Submitted Aug. 12, 1991.*
Decided Sept. 11, 1991.

Before JAMES R. BROWNING, FARRIS and LEAVY, Circuit Judges.

MEMORANDUM**

United Steelworkers appeals, for a second time, the district court's award of 42 U.S.C. § 1988 attorneys' fees for their successful civil rights action. In United Steelworkers v. Phelps Dodge, 896 F.2d 403 (9th Cir.1990), we reversed and remanded the district court's original award because the manner in which the award was determined had not been specified adequately. On remand, the district ordered Pima County to pay United Steelworkers $137,883.50 for attorneys' fees and $8,230.98 for out-of-pocket expenses. We reverse the judgment and enter the proper award.

The district court's determination of the amount of attorneys' fees awarded pursuant to section 1988 is reviewed for an abuse of discretion. Jordan v. Multnomah County, 815 F.2d 1258, 1261 (9th Cir.1987).

The Civil Rights Attorney's Fees Awards Act of 1976, 42 U.S.C. § 1988, is designed "to ensure 'effective access to the judicial process' for persons with civil rights grievances." Hensley v. Eckerhart, 461 U.S. 424, 429 (1983) (quoting H.R.Rep. No. 94-1558, p. 1 (1976)). It provides that a prevailing plaintiff may recoup a "reasonable attorney's fee" incurred to vindicate a civil rights violation.

Although the record supports the district court's conclusion that United Steelworkers overstaffed and overbilled this case, it abused its discretion in the process selected to reduce the requested fee award.

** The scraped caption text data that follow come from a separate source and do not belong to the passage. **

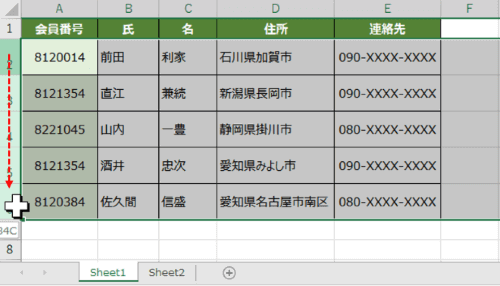 2行目から6行目を行選択したところ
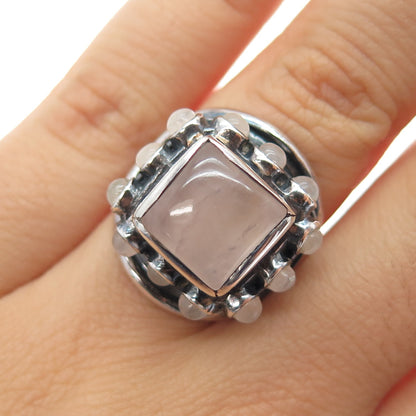 925 Sterling Silver Vintage Real Rose Quartz Modernist Oxidized Ring Size 5.75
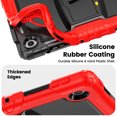 thumbnail image 6 of XYX for Lenovo Tab 10.1 2025 TB-311XU/K10C TB-311FU Case 10.1 inch, 3in1 Heavy Duty Shockproof Tablet Cover with Stand, Shoulder Strap, Red, 6 of 7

The Supreme Court has admonished that "[a] request for attorney's fees should not result in a second major litigation." Hensley, 461 U.S. at 437. So that resolution of this matter is not further protracted, we do not remand, but instead enter the appropriate award.

A. Attorneys' Fees

1. Combined entries

The district court disallowed all entries which combined distinct activities without breakdown, noting that such entries made it difficult to determine the amount of time allocated to compensable tasks. "Where the documentation of hours is inadequate, the district court may reduce the award accordingly." Hensley, 461 U.S. at 433. Although the district court could properly reduce compensable hours based on United Steelworkers' inadequate accounting, it was an abuse of discretion to preclude recovery for all combined entries. Several combined entries concern only compensable tasks. The district court should have discounted such entries by a factor calculated to account for both the proportion of non-compensable tasks subsumed in the combined entries and the number of "unreasonable" hours spent on compensable tasks. Taking into consideration the district court's concerns, we reduce the combined entries by 60 percent. McCrory had 1,175.3 hours of combined time, 470.12 of which are compensable after reduction. Teachnor had 301.6 hours of combined time, 120.64 of which are compensable after reduction. Because all of Pollock's combined entries involved compensable tasks and were reasonable, we do not reduce his time.

2. Review entries

The district court disapproved of the "many entries which use the term 'review.' " The final number of hours permitted by the district court suggests that all entries containing the term "review" were disallowed. This was an abuse of discretion. Case management and the review of accumulated documents are necessary components of litigation. Because the district court did not err in concluding that United Steelworkers spent an unreasonable amount of time reviewing aspects of the case, a reduction is appropriate. Review time is reduced 50 percent. McCrory had 308.25 hours of review time, 154.625 of which is compensable after reduction. Teachnor had 138.15 hours of review time, of which 69.075 hours are compensable after reduction. Because all of Pollock's review time was reasonable, we make no reduction.

3. Newspaper summaries

The district court did not abuse its discretion in disallowing the time spent by law clerks to summarize newspaper articles.

4. Pretrial order

The district court determined that, rather than the 290.75 hours documented, 40 hours was a more than reasonable amount of time to prepare the pretrial order for this case. The district court adequately considered the Kerr factors, and the determination was not an abuse of discretion. "The district court is in a better position than [the circuit court] to evaluate the amount of work reasonably necessary to prepare and try [a] case." Harmon v. San Diego County, 736 F.2d 1329, 1331 (9th Cir.1984) (finding no abuse of discretion in district court determination that only 200 hours, rather than the 454.2 hours requested, was reasonable).

5. Verdict

The district court was within its discretion in disallowing time for Pollock and Teachnor to accompany McCrory to receive the verdict.

6. Deposition summaries

The district court was within its discretion in determining that the time spent by Teachnor summarizing depositions was appropriately billed at a law clerk rate. However, the district court never included the amount in its final award. Teachnor spent 106.1 hours summarizing depositions. This time is compensable at a rate of $15 an hour.

7. Witness interviews

The district court allowed only time spent by McCrory to interview witnesses during the trial. Although McCrory does not specify time spent for interviewing witnesses, the district court apparently concluded that the time was incorporated in McCrory's general billing for trial and trial preparation. The district court did not abuse its discretion in disallowing the time spent by Teachnor to interview witnesses.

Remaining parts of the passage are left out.